### Exercise goal
Repeat only the lines below that run from the line with "Kapelusz dla chłopca, wiązany, miodowy, Sakei,fFiltr" to the line with "Used 2022 Audi RS 6 AWD/4WD image 54", ends included; skip every picture.

>>>

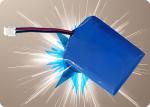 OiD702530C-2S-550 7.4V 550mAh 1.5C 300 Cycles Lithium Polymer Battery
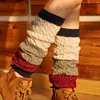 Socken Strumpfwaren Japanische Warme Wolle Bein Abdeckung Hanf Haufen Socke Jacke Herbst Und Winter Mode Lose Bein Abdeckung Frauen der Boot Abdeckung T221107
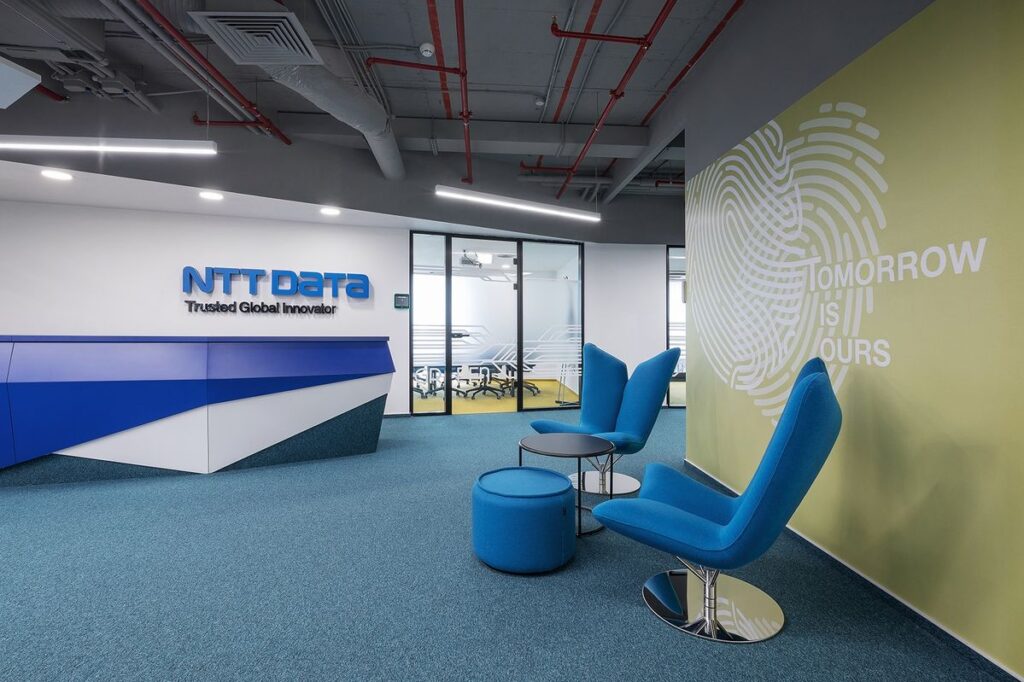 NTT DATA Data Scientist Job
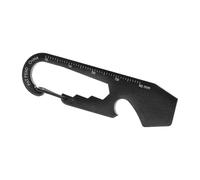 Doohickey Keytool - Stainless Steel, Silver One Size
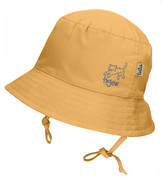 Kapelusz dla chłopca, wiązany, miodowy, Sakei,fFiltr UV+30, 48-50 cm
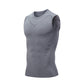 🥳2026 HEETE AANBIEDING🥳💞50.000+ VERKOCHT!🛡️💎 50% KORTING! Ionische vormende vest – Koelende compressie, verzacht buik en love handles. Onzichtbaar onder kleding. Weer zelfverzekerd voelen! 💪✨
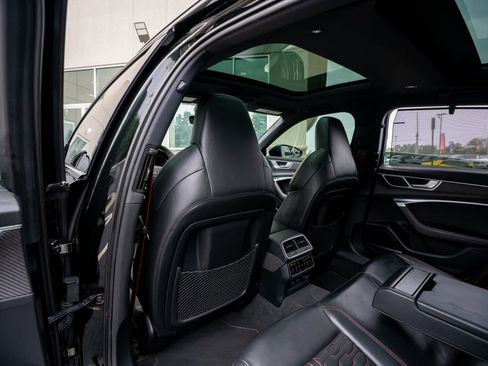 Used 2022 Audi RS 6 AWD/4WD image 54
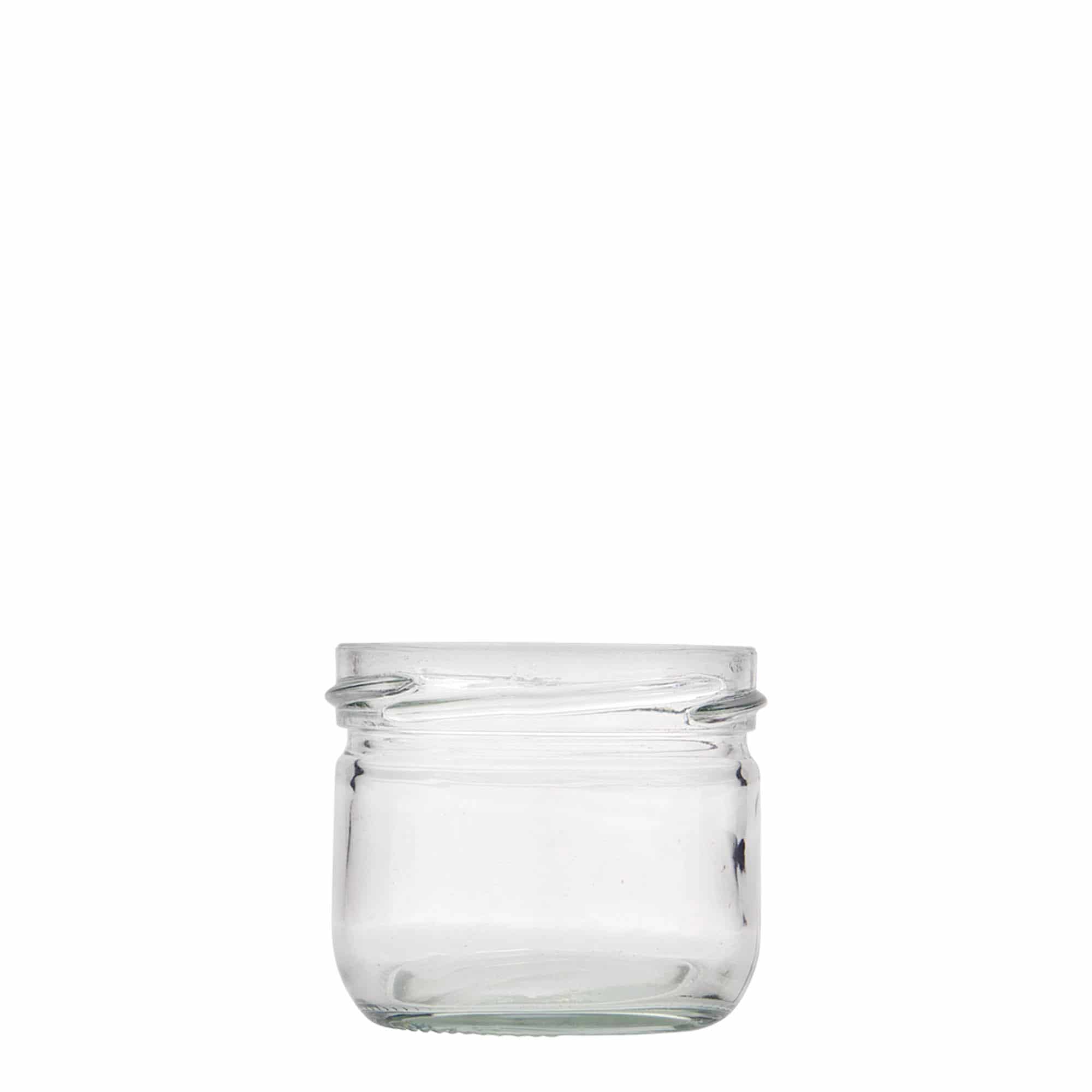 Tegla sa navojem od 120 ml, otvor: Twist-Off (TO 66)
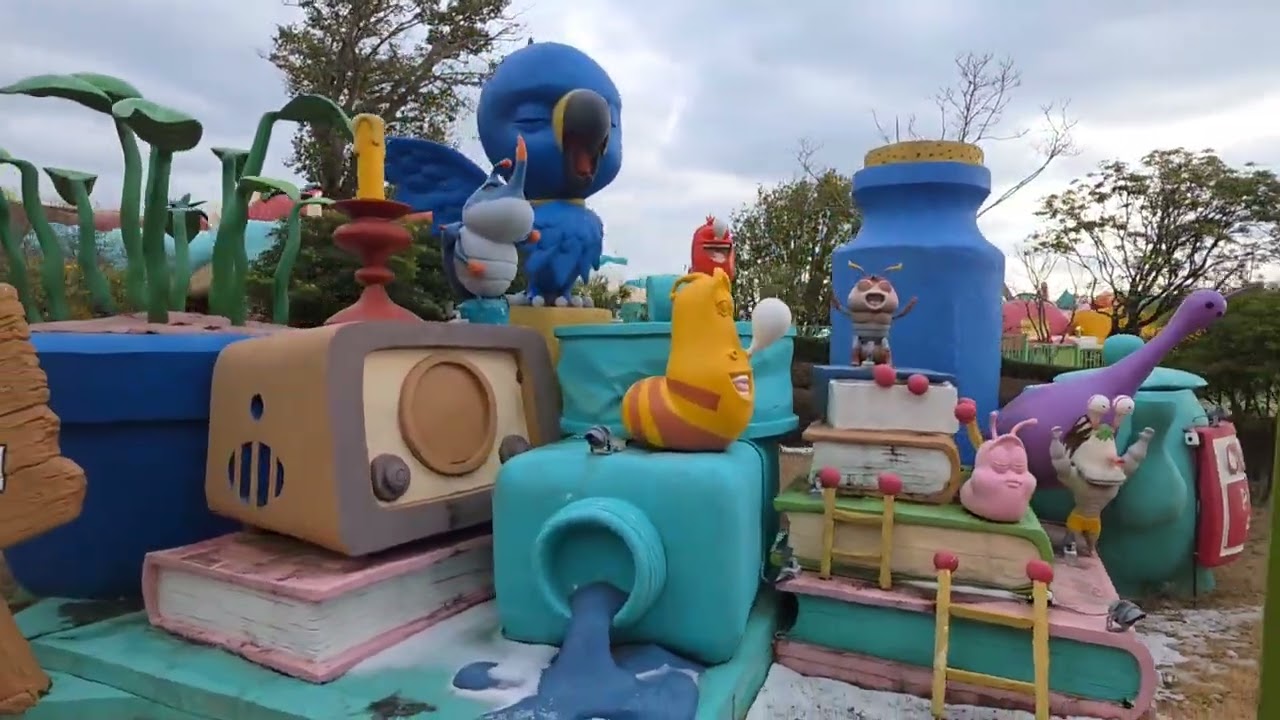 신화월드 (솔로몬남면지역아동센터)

<<<

### Your response
 Kapelusz dla chłopca, wiązany, miodowy, Sakei,fFiltr UV+30, 48-50 cm
 🥳2026 HEETE AANBIEDING🥳💞50.000+ VERKOCHT!🛡️💎 50% KORTING! Ionische vormende vest – Koelende compressie, verzacht buik en love handles. Onzichtbaar onder kleding. Weer zelfverzekerd voelen! 💪✨
 Used 2022 Audi RS 6 AWD/4WD image 54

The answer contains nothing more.